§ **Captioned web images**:
################

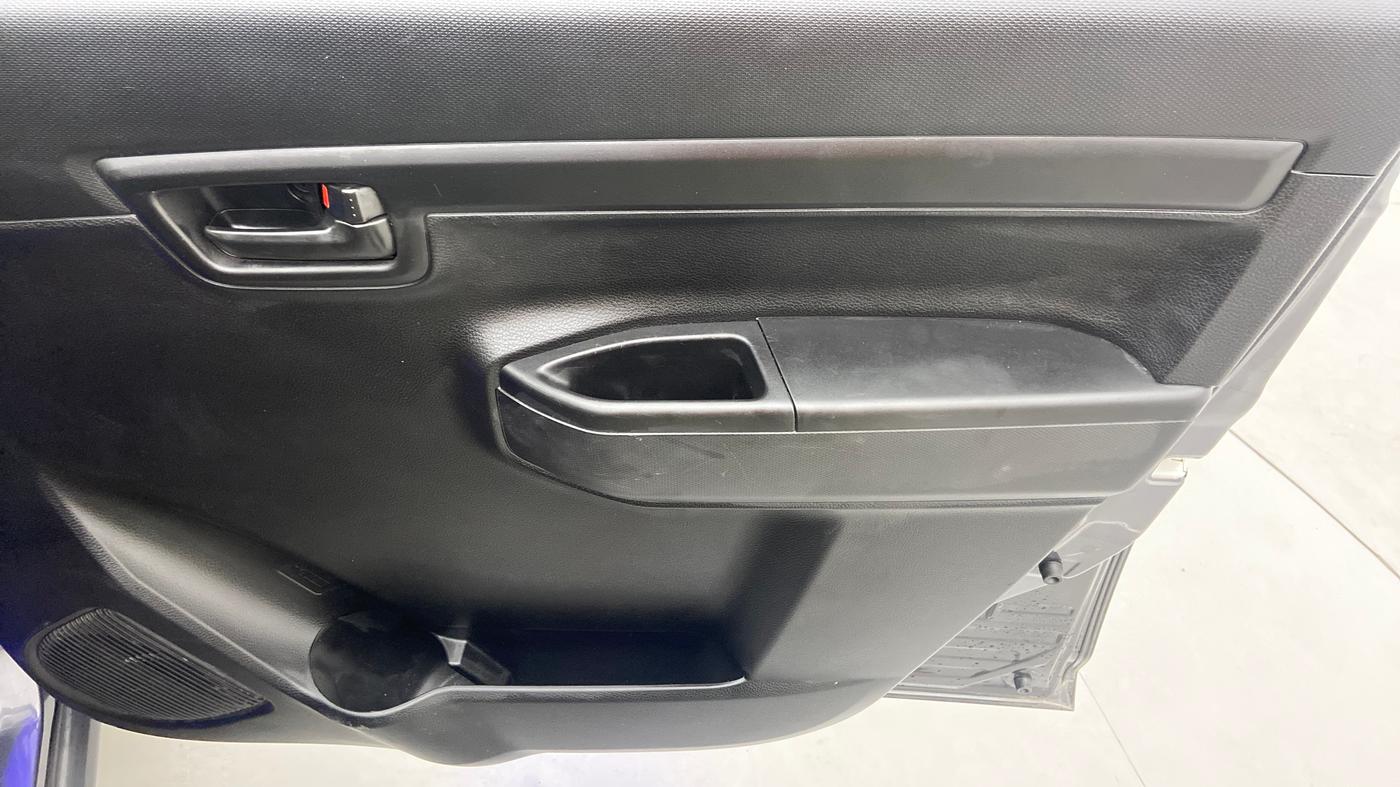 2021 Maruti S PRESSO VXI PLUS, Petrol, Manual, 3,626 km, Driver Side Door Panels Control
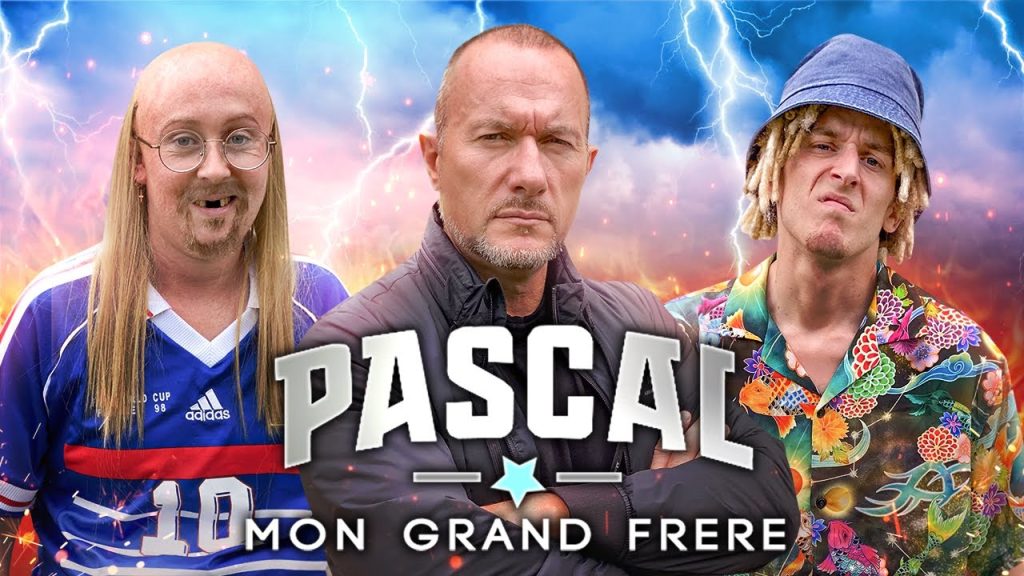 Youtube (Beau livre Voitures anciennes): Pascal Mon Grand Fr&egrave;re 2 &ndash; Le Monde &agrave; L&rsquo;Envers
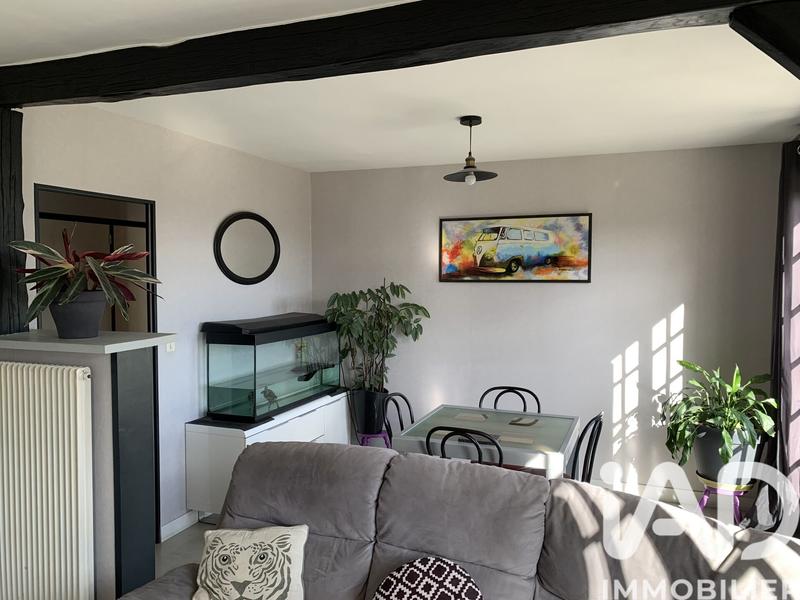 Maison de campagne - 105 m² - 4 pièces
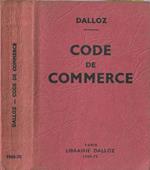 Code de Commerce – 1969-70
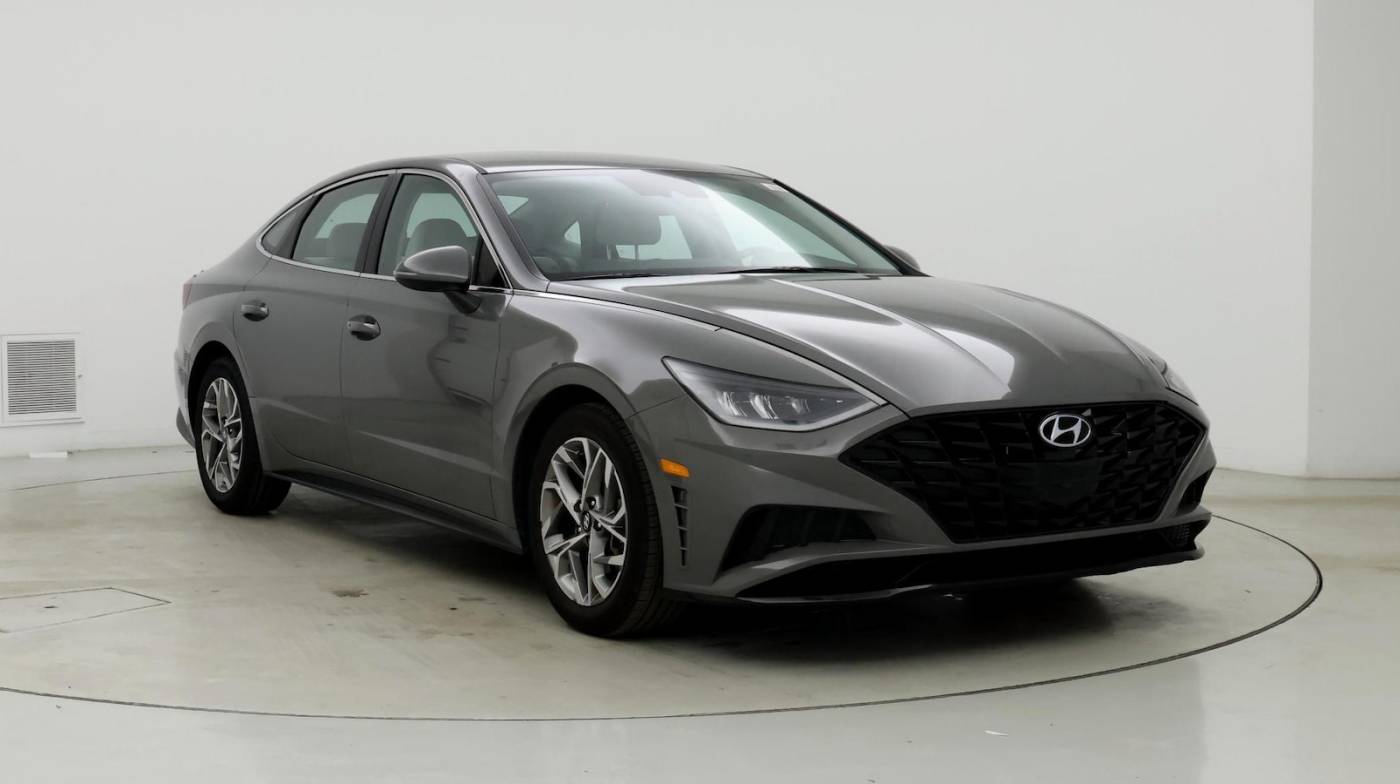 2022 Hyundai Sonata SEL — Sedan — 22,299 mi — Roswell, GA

################

§ **What to work on**:
Beginning with the line containing "Youtube (Beau livre" and ending with the last line of the data, output those lines exactly and nothing more. Omit every picture.

§ **Solution for this exercise**:
 Youtube (Beau livre Voitures anciennes): Pascal Mon Grand Fr&egrave;re 2 &ndash; Le Monde &agrave; L&rsquo;Envers
 Maison de campagne - 105 m² - 4 pièces
 Code de Commerce – 1969-70
 2022 Hyundai Sonata SEL — Sedan — 22,299 mi — Roswell, GA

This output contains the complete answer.